Press coverage of the Society and its activities

Detection of airborne radioactivity

Written by
Jim Ungrin
for
the North Renfrew Times
2021 Oct 06


Ottawa-built, Type 6, Hughes-Owens radium-illuminated aircraft compass.

This is another in the series of anecdotes taken verbatim from Les Cook’s unpublished book “Birthpangs of CANDU”, a copy of which is in the documents held by the Society for the Preservation of Canada’s Nuclear Heritage Inc. (Les Cook was the Director of the Chemistry and Metallurgy Division of CRNL from 1945 to 1956.) The anecdote reports another hazard associated with the radium industry discussed in two previous Nuclear Heritage columns:

“Soon after the first Russian bomb tests began, we were offered pieces of filters that had been flown through radioactive dust clouds as they passed over Japan. We became immediately aware of the need to set up a “lowest possible background” laboratory so we could extract a maximum of information from such windfalls (and, as we soon found out, local rainfalls as well).

Accordingly, we set up a small building in the town of Deep River well away from any possible background contamination from the plant 5 miles away. Bill Grummitt was installed there to become our super-low-level specialist.

Bill developed two basic techniques. One was to isolate radioactive particles from the filters by exposing photographic film to the filter, cutting out particles showing spots of radioactivity, dispersing the patch and repeating the procedure. It was a thrill of sorts to isolate small particles, easily visible under a microscope, that had come all the way from the Russian test site, reported to be in the Gobi desert.

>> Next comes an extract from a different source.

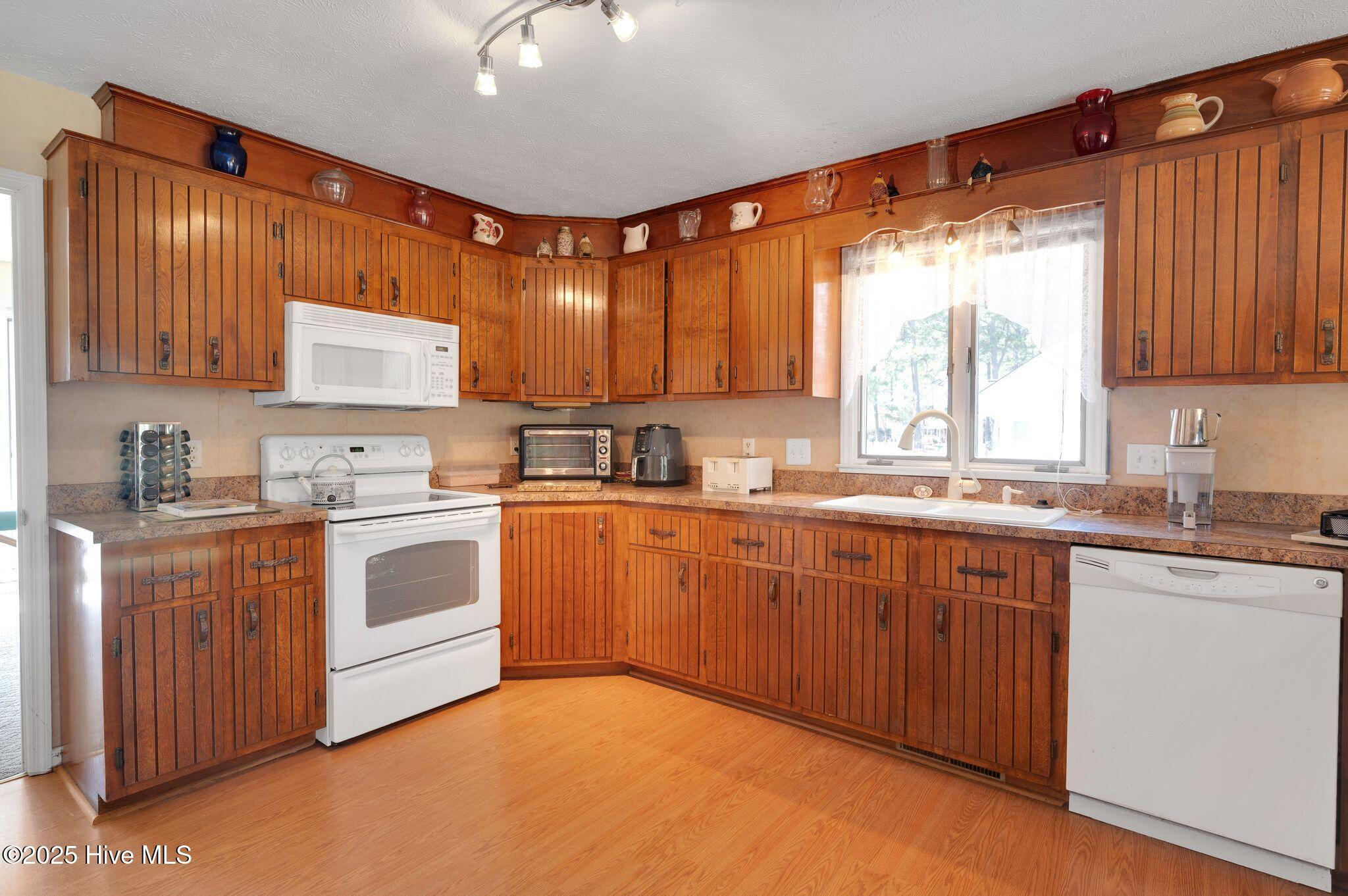 320 Pinecrest Drive Property Photo 9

More productive, however, was Grummitt’s analysis of the radioactivity in such particles. We developed and used both alpha and beta counters with extremely low background levels – alpha chambers with perhaps only one background alpha count every hour or so, and beta counters with the count at less than one per minute. These backgrounds were ten to one hundred times lower than anything we normally needed or used.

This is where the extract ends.